The workflow returns True on full success, False on early-exit branches (no-upgrade-needed, rejected approval, drift).

Verifying outcomes

After the workflow reports success, confirm:

  • All four stages green on the Config Manager run page (or approve_upgrade green and downstream UNREACHABLE for the short-circuit paths).
  • nv show platform on the device reports the intended firmware version.
  • Nautobot device status is back to Provisioned (or Active), and the device responds to a ZTP-completion verification command (/etc/os-release, or your environment’s equivalent).
  • A pre-upgrade backup is in the Config Store, tagged with the commit SHA the workflow used.

Rollback

Cumulus Linux does not have a native one-shot OS rollback. The recovery options are:

  • Set the intended firmware back to the previous version in Nautobot, re-render via the Render Service, and re-run Switch OS Upgrade. The workflow will install the older image and reboot the device back onto it.
  • Reprovision the device via Device Reprovision. The reprovision flow factory-resets and re-runs ZTP with whatever intended firmware is currently set in Nautobot — useful when the post-upgrade device state is unrecoverable.
  • Use the pre-upgrade backup from the Config Store to restore configuration after a successful rollback to the prior firmware.

Common issues

Stage is stuck on “Waiting for approval”.

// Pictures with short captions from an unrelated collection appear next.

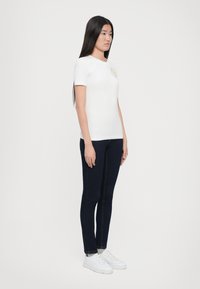 T-shirt branca de manga curta com decote redondo e um logótipo no peito, combinada com jeans azul escuro e ténis brancos.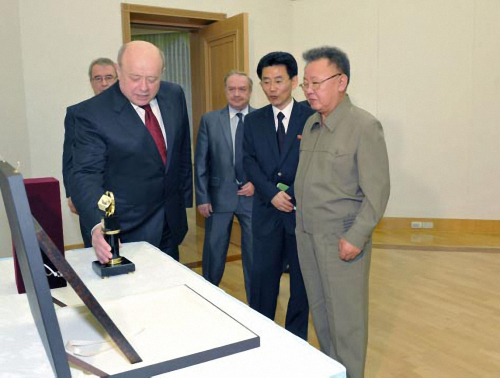 Mikhail Fradkov (left), head of the foreign intelligence service of the Russian Federation, shows a gift presented to North Korean leader Kim Jong-il in Pyongyang on May 17. (Yonhap News)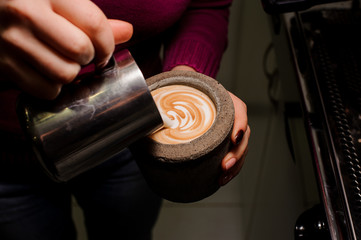 Fototapeta na wymiar Female hands making latte art in the concrete pot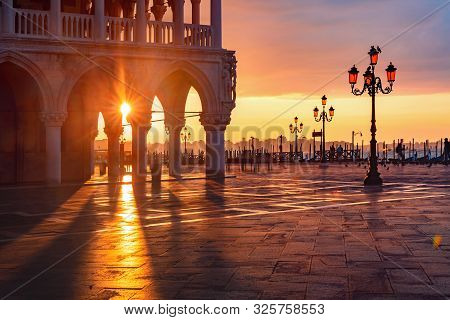 Doge Palace Or Palazzo Ducale And Piazzeta San Marco At Sunrise In Venice, Italy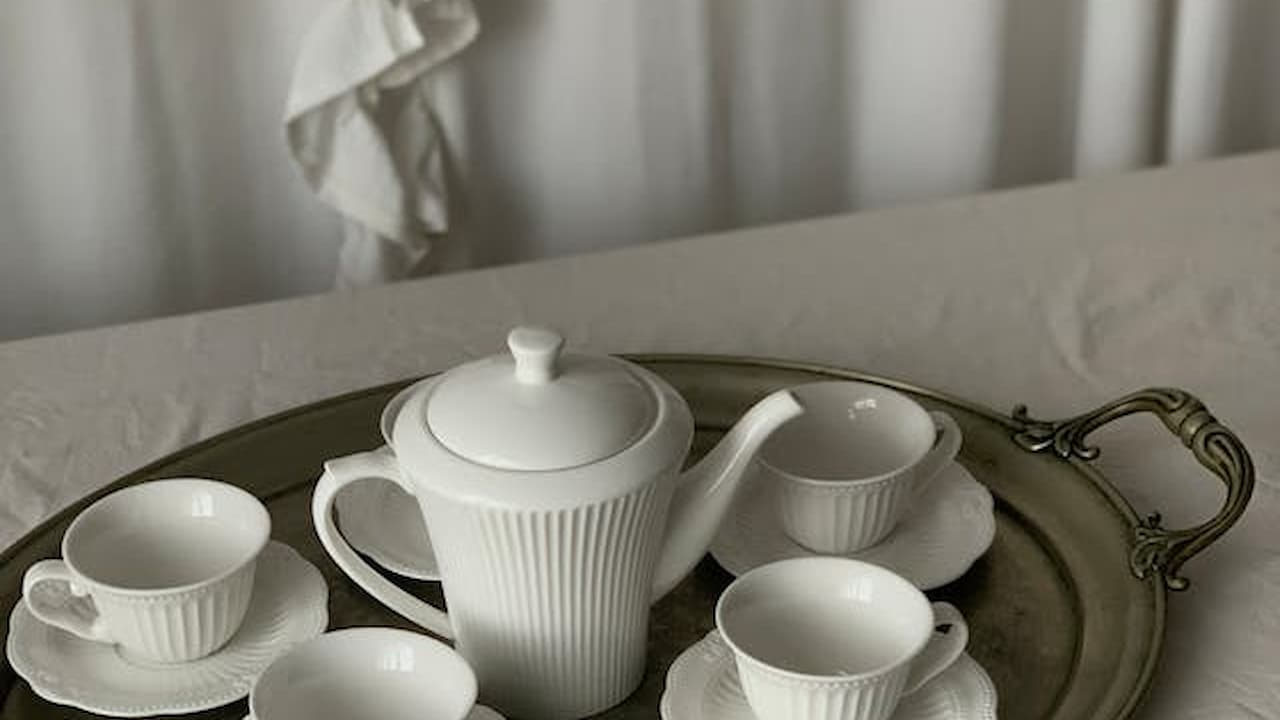 White porcelain teapot with matching teacups and saucers arranged on a round metallic tray, set on a light-colored tablecloth, soft curtain backdrop, minimal and elegant tea service setup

approve_upgrade blocks indefinitely. Open the workflow page and approve or reject.

perform_backup reports configuration drift and the workflow halts.

The running config diverges from what Config Manager last knew about. Investigate (someone applied a change out of band; an automated agent on the device is modifying state). Once drift is reconciled — typically by running Configuration Backup and accepting the new baseline, or by reverting the out-of-band change — re-run the upgrade.

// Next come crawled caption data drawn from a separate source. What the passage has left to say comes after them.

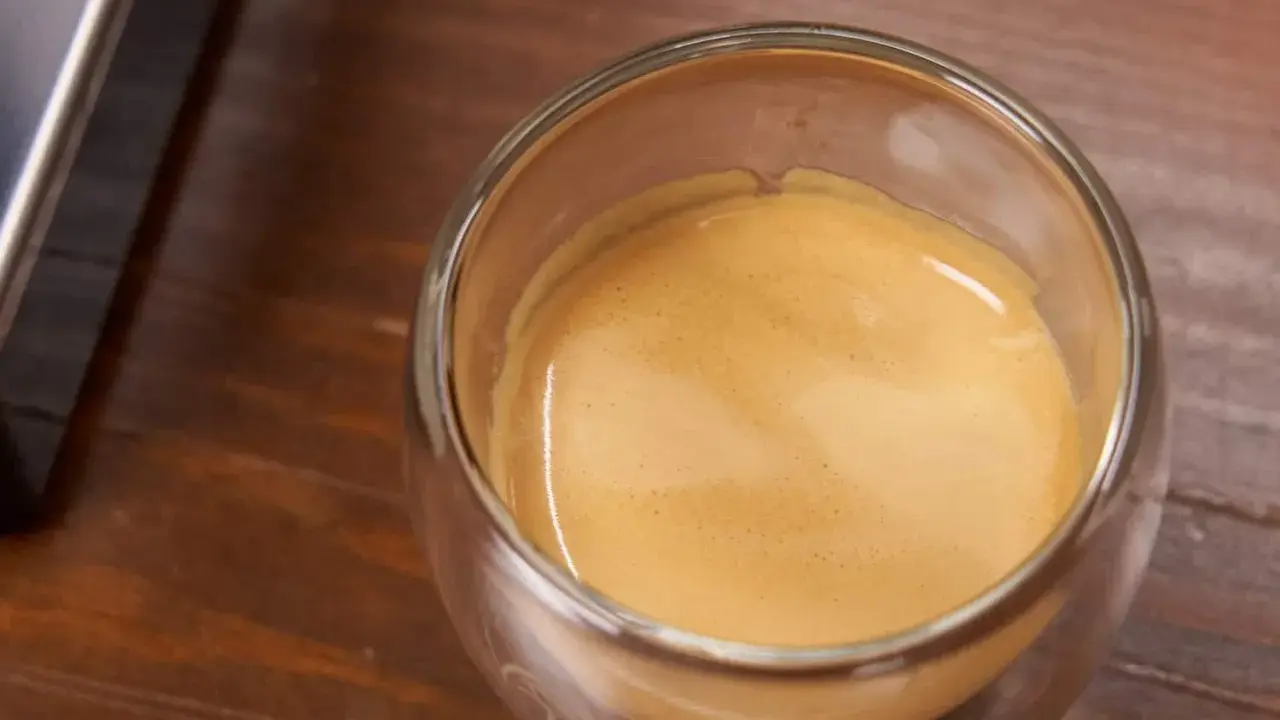 Ein Glas Espresso mit einer feinen Crema auf einem Holztisch. Ein kleiner Schuss Sahne macht den Kaffee mit Sahne gesund und lecker.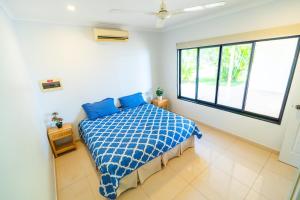 a bedroom with a bed and a large window at Bungalow 58 Lake Bennett Darwin in Lake Bennett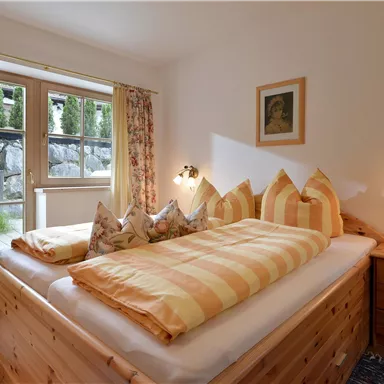 A bright bedroom with a large bed and colorful pillows. The windows offer a view of the outside landscape.
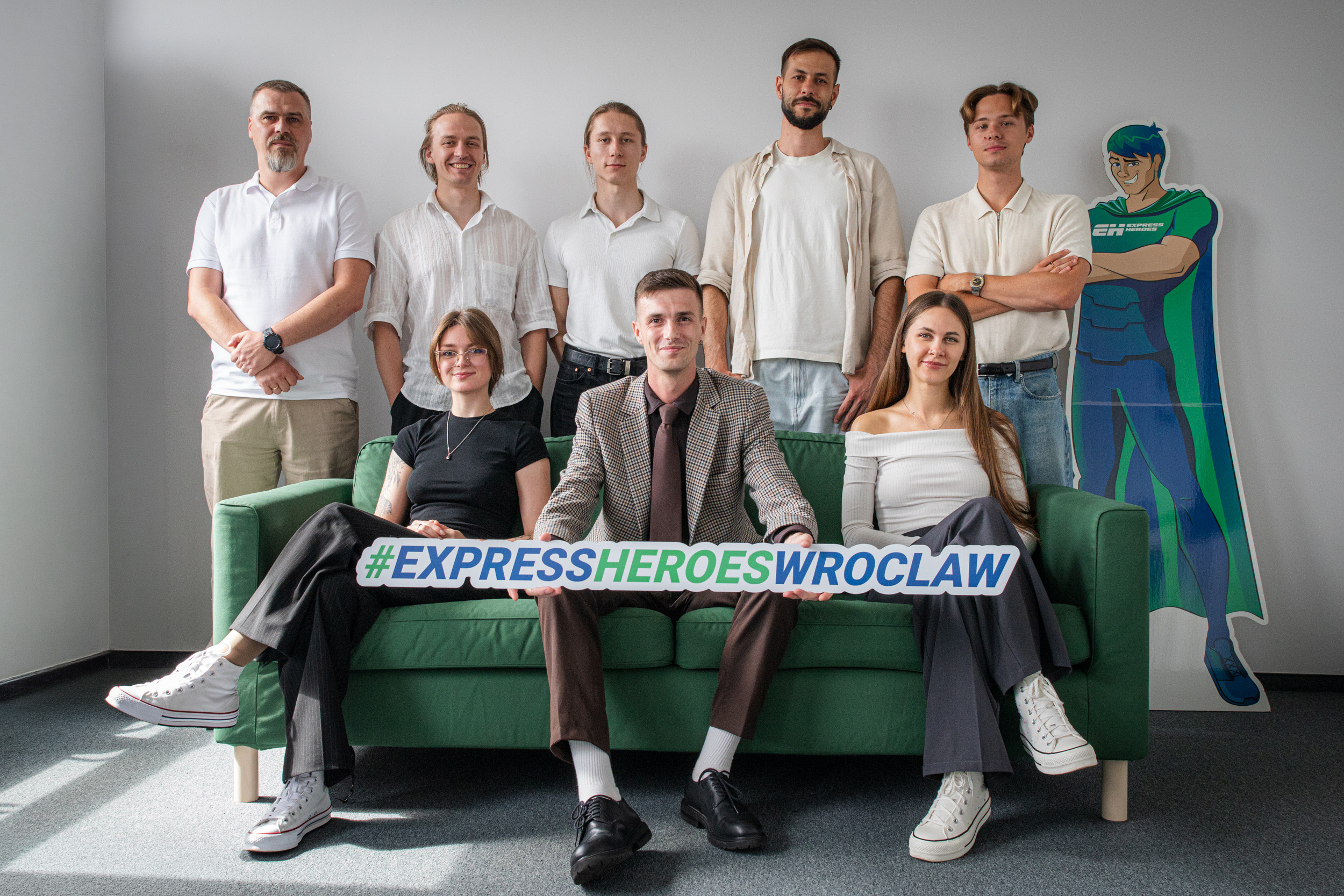 Express Heroes Wrocław team gathered around a green sofa, holding a sign with the office hashtag.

poll_image times out or reports a version mismatch.

The device rebooted but did not come up on the intended firmware. This is most often because the wrong image was uploaded to the ZTP service for the target version, or because the device has hardware-specific image quirks. Confirm the right image is on the ZTP service and that it matches the platform; if needed, use Device Reprovision to recover.

poll_ztp_status times out.

The image install succeeded but ZTP did not complete within 10 minutes after reboot. Use the Monitoring DHCP and ZTP section of New Site Bringup to investigate.

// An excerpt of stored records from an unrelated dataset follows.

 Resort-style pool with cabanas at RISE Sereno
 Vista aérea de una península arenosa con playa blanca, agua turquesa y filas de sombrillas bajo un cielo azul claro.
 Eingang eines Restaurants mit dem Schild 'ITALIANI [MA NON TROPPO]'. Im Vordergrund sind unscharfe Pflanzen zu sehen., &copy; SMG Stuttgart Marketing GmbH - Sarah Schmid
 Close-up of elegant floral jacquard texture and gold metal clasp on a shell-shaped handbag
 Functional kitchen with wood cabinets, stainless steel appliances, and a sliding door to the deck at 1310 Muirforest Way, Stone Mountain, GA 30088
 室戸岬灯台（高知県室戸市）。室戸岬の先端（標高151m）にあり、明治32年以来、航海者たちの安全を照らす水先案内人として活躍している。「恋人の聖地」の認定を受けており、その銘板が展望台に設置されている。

FirmwareUpgradeException is raised.

A non-retryable failure in the upgrade activity. Read the error message — the activity surfaces it directly. Common causes: image download failure, image checksum mismatch, install-time error reported by the device. Resolve and re-run.

Related guides

  • Controlling Running Workflows — approve, reject, retry, and terminate behavior, including how to recover if the upgrade is terminated mid-install.
  • NVLink Switch Firmware Upgrade — the sibling workflow for NVLink switches.
  • Configuration Backup — child workflow used for the pre-upgrade snapshot.
  • Device Reprovision — recovery path when an upgrade leaves the device unrecoverable.
  • Network ZTP — explains how images are served and how the device gets its post-reboot configuration.
  • New Site Bringup — includes the canonical DHCP/ZTP troubleshooting paths.